ご挨拶

Greeting

農業の魅力について The charm of agriculture

01

自然とともに働くことの楽しさ

私が農業をしているところは大井川の中流域の山々に囲まれた、自然の豊かなところです。四季折々の景色の移ろいや空気の匂いをいつも感じながら過ごせるのは、無条件に気持ちのいいものです。また、農業は作物の生長とともにありますから、それが育っていくのを見るのは感動的です。一握りの土の中には数億の微生物がいるといわれています。農業をやっていると、目には見えないその生き物の存在を感じるときが確かにあります。

いつも「いのち」の存在を感じられる、それは自分の存在を感じることでもあります。周りのものに自分が生かされているという感覚を持てた事が、自分の自立につながっています。

02

百姓の意味

「百姓」という言葉の意味は、「百の姓=仕事ができないと農業はできない」ということだと聞きました。作物の栽培に関することは、生物学の知識が必要なのは当然ですが、土の中のことは物理学や化学(苦手)が、その他にも気象学、地理学などについても知っていなければいけません。
販売については商学、経営については経済学、それに農業機械の整備や農地に関する法律など、幅広い知識と情報が必要になります。
一つ一つ学んで切り開いていくことが農業の楽しさです。

03

地域づくりの中心に農業を

農業の社会的役割というのは、単なる食料の供給だけではないと思います。「食」は「いのち」の源です。社会の「いのち」に関するあらゆることと、農業はつながっています。
例えば、教育があります。私が農業をやることを通じて自立したように、農業の教育力は大きなものがあります。自分の日々食べているものが どう作られているのかを知っているのと知らないのとでは、「いのち」に対する感覚は大きく違ってくると思います。また、「医食同源」という言葉があるように、「健康な体」の源は「健康な食」です。医療費の削減は、栄養価の高い農作物の栽培技術の普及からであるはずです。
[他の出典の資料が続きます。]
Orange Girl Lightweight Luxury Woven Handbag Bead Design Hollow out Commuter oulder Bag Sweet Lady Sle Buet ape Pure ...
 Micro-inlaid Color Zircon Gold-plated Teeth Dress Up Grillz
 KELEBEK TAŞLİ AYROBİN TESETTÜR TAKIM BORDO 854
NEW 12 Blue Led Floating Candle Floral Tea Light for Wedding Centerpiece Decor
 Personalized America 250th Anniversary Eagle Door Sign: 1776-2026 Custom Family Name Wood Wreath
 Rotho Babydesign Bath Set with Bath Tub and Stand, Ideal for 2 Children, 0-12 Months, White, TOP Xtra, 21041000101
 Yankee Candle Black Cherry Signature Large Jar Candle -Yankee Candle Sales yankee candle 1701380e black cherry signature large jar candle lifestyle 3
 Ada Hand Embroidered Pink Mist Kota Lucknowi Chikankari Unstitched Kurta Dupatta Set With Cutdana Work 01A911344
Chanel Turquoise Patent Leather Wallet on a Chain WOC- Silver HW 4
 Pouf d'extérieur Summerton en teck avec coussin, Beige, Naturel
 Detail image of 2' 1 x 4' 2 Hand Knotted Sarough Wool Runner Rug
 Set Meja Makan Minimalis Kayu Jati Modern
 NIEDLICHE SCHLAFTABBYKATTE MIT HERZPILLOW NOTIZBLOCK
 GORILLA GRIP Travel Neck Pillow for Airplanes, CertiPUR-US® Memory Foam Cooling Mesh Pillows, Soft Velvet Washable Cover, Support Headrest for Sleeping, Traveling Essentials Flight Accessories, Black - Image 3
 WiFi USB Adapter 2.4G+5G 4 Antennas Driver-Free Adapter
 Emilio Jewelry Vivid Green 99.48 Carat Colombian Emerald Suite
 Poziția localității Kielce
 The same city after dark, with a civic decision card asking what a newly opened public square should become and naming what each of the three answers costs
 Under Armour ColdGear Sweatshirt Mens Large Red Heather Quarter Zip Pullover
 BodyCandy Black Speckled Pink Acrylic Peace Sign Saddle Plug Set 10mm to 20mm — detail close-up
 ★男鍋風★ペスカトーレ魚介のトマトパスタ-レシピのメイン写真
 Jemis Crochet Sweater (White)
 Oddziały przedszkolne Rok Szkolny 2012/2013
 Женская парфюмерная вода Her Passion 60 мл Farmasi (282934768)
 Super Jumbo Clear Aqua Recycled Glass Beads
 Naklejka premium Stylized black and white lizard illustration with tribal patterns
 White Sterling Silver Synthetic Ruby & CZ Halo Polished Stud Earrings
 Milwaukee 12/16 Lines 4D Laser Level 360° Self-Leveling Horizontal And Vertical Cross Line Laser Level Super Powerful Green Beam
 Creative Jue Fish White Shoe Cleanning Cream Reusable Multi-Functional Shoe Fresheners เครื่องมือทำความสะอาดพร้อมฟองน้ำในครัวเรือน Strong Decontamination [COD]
環境とも密接な関係にありますし、本来の意味での循環保全型社会を実現するためにも、農業の存在は不可欠です。ひとと自然が調和し、「いのち」が守られていく豊かな社会を創るためには、農業の果たせる役割はもっと多様にあります。こうしたことから農林水産省が推薦する「多面的機能交付金支払制度」を活用、団体を結成、将来の若者が農業を楽しみ、活躍できる環境作りに励んでいきます。

04

次世代に続く農業を

農業に興味のある人、農業をやってみたい、と思っている人が増えているのを最近感じます。
しかし、実際に就農する人は少ないのが現状です。土地、技術、資金などクリアすべき関門は多いですし、相当な準備と覚悟が要るのは確かです。
私もまだ道半ばで偉そうなことは言えませんが、少ない経験の中からも新規就農に関することでアドバイス出来ることはあると思います。
また、同じ地域・当社での就農となればいろいろとご協力できることはあります。
販売や情報、物流、人手、農業機械など共有できることはたくさんあります。
地域の農業の仲間が増えてくれることを願っていますので、そのために自分もできる限りのことをしたいと思っています。